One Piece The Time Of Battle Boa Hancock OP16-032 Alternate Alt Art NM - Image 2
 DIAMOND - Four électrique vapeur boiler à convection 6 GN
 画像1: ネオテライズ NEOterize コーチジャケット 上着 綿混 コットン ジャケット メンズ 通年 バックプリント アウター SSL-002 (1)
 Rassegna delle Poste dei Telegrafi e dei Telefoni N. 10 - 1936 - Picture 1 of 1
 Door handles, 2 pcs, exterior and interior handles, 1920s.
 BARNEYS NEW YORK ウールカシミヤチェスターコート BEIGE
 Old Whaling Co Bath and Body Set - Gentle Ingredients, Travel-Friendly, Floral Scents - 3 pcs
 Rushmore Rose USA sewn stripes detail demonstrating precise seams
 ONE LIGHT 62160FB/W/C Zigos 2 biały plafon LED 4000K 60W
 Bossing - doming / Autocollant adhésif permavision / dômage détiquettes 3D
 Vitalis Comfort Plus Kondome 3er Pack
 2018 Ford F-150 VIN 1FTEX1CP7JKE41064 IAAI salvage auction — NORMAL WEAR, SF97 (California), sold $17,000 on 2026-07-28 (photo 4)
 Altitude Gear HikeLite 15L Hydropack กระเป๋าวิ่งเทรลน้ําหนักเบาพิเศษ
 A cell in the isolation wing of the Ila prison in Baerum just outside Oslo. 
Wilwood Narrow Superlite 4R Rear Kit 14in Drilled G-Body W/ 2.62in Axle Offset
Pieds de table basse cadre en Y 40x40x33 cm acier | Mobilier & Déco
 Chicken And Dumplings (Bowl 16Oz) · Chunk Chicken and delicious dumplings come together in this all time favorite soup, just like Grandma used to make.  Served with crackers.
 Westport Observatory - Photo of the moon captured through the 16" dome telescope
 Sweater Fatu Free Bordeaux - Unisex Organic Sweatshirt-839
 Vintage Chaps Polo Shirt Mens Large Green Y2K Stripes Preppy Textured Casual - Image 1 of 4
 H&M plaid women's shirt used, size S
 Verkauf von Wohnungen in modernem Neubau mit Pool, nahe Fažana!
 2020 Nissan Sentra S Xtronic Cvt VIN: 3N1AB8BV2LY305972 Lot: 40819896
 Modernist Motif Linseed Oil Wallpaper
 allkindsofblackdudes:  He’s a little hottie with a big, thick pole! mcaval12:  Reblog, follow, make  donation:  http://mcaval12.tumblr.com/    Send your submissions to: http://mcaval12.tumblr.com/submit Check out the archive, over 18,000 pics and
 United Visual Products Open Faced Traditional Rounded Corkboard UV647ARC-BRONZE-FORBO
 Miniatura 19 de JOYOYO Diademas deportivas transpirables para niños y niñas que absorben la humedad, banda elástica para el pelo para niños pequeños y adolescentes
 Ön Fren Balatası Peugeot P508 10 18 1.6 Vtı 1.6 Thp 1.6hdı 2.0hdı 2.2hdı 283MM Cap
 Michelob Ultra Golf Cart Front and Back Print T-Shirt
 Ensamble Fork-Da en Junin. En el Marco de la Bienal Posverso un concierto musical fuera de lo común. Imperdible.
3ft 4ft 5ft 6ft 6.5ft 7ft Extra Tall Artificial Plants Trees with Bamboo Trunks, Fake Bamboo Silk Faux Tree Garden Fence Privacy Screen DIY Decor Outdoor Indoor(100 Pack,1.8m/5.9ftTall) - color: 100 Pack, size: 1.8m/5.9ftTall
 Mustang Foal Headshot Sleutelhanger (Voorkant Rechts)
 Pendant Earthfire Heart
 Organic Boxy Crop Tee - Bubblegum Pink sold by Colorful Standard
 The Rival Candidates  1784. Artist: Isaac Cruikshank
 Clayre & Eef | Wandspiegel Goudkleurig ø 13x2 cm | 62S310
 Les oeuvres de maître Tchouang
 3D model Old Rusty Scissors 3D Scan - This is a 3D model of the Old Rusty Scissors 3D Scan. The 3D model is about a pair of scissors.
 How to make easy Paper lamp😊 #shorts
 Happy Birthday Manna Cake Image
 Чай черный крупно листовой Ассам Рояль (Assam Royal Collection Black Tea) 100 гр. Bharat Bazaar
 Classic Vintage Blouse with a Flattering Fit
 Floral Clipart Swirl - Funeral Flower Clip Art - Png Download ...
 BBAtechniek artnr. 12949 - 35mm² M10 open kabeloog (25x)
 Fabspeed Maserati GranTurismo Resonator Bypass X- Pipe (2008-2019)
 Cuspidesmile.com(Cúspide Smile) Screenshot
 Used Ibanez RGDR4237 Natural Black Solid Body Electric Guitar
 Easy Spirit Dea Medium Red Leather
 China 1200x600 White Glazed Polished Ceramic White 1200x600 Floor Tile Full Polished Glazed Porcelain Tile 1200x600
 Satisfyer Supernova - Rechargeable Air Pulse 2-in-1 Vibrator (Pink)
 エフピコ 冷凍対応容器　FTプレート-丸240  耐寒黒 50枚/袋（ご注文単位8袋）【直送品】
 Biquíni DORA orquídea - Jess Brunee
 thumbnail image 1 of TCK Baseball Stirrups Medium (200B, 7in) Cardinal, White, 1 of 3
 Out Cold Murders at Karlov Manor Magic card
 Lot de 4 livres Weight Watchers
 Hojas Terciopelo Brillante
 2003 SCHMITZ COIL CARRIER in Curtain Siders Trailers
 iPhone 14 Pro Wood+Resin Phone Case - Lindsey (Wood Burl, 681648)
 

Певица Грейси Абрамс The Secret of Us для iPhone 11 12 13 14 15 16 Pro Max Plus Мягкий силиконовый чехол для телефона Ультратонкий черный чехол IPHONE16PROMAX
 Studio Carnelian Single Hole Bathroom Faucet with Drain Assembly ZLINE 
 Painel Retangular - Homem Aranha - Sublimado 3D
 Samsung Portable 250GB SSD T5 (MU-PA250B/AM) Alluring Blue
_ _ _ _
_HOW TO COMPLETE THIS TASK_: Up to and including the line containing "2018 Ford F-150", please write out the listing exactly, starting from its first line.

_RESULT_:
One Piece The Time Of Battle Boa Hancock OP16-032 Alternate Alt Art NM - Image 2
 DIAMOND - Four électrique vapeur boiler à convection 6 GN
 画像1: ネオテライズ NEOterize コーチジャケット 上着 綿混 コットン ジャケット メンズ 通年 バックプリント アウター SSL-002 (1)
 Rassegna delle Poste dei Telegrafi e dei Telefoni N. 10 - 1936 - Picture 1 of 1
 Door handles, 2 pcs, exterior and interior handles, 1920s.
 BARNEYS NEW YORK ウールカシミヤチェスターコート BEIGE
 Old Whaling Co Bath and Body Set - Gentle Ingredients, Travel-Friendly, Floral Scents - 3 pcs
 Rushmore Rose USA sewn stripes detail demonstrating precise seams
 ONE LIGHT 62160FB/W/C Zigos 2 biały plafon LED 4000K 60W
 Bossing - doming / Autocollant adhésif permavision / dômage détiquettes 3D
 Vitalis Comfort Plus Kondome 3er Pack
 2018 Ford F-150 VIN 1FTEX1CP7JKE41064 IAAI salvage auction — NORMAL WEAR, SF97 (California), sold $17,000 on 2026-07-28 (photo 4)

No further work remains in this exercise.